The surgical procedure consisted in opening the abdominal wall via a supra-pubic transverse incision. An incision was made with the scalpel close to the left ovarian hilum, and scissors were employed to separate the cortical from the medullar tissue. This manoeuvre was performed all along the cortex inner surface; nevertheless, after the whole cortex removal, electrocautery was applied to ensure haemostasia and the complete destruction of any cortical tissue that could be present afterwards. A small sample of cortex (5 mm x 5 mm) was sent to pathology for histological evaluation. The rest of the ovarian cortex was maintained in Ham’s F10 culture medium until reimplantation.

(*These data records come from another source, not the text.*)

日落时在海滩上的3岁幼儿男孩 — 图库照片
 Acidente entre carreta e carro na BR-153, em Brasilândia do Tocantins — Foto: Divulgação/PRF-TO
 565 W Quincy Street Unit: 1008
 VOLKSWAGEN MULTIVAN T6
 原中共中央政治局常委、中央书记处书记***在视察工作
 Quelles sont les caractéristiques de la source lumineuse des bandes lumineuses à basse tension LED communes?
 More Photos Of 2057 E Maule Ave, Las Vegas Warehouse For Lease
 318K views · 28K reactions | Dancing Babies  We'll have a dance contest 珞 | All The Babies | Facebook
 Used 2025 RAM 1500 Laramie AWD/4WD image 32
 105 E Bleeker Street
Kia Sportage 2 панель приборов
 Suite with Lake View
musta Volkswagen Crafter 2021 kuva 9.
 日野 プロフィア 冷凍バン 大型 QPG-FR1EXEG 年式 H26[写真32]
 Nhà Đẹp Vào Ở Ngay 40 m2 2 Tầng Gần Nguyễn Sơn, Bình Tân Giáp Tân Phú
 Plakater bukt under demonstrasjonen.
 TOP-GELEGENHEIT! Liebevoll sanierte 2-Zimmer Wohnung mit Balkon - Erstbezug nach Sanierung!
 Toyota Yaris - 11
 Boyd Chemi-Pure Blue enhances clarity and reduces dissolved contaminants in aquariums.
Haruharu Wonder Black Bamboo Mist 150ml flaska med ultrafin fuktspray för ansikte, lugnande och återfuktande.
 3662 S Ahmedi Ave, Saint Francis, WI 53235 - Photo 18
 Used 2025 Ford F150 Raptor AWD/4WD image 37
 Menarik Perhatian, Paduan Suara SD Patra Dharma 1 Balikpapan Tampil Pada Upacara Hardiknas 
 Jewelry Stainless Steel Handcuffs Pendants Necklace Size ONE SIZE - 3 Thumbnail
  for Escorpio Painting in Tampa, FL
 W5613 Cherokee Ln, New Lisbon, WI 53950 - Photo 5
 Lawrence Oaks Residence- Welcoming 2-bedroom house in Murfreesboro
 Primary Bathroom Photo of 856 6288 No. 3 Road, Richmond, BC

A right ovarian cortex resection was then performed, and the cortex was prepared for cryopreservation by cutting it into one or two pieces whose thickness did not exceed 2 mm, so as to facilitate the action of cryoprotectants. The left ovarian cortex was then transplanted into the right ovary medullar tissue. Fibrin glue (TISSUCOL DUO 2 ml®, Baxter International AG, Vienna, Austria) was used for fixation, and, if necessary, one to three stitches were applied with 4–0 non-absorbable polyglycolic acid suture [ASSUFIL®, ASSUT EUROPE SPA, Magliano del Marsi (AQ), Italy]. Electrocautery was not performed in the medulla so that ovarian cortex irrigation could be re-established and the risk of ischaemia thus minimized, but if the presence of any macroscopic cortical tissue near the hilum was suspected, it was cauterized before transplantation. Hysterectomy was then performed following the Masterson technique, with some slight modifications to maintain the correct ovarian blood supply as long as possible and thereby minimize ischaemia.
A control group was established to analyse any possible effects of hysterectomy on the pituitary–gonadal axis and follicular reserve and the effect of the surgical procedure itself. This group was composed of five premenopausal women, 38–44 years old (mean 40.8 ± 1.2), who were to undergo a simple abdominal hysterectomy because of uterine fibroids and who fulfilled the same criteria as the study group.
Post-operative endocrine follow-up for cases and controls was based on serum hormone determinations and ultrasound scans. Blood was drawn on the day of intervention and 7 days later and subsequently every month during the first year and bimonthly for the second year. Part of the blood was processed to determine FSH, while aliquots were also frozen to –80°C and subsequently analysed in parallel for serum AMH. Serum FSH served as a marker to detect ovarian function and subsequent ovulation, and when it dropped <20 IU/l, an ultrasound was performed every 2 days to determine follicular growth. Blood was drawn 7–9 days after apparent follicular rupture, at which point follow-up visits were planned. Ovulation was confirmed when the corpus luteum was detected by ultrasound and progesterone level was >5 ng/ml.
Serum FSH and progesterone were analysed using a commercially available microparticle enzyme immunoassay kit AXSYM SYSTEM® (Abbot, Weisbaden, Germany). Inter-assay and intra-assay coefficients of variation for FSH were 2.3 and 4.5%, respectively, and 2.0 and 5.1% for progesterone, respectively.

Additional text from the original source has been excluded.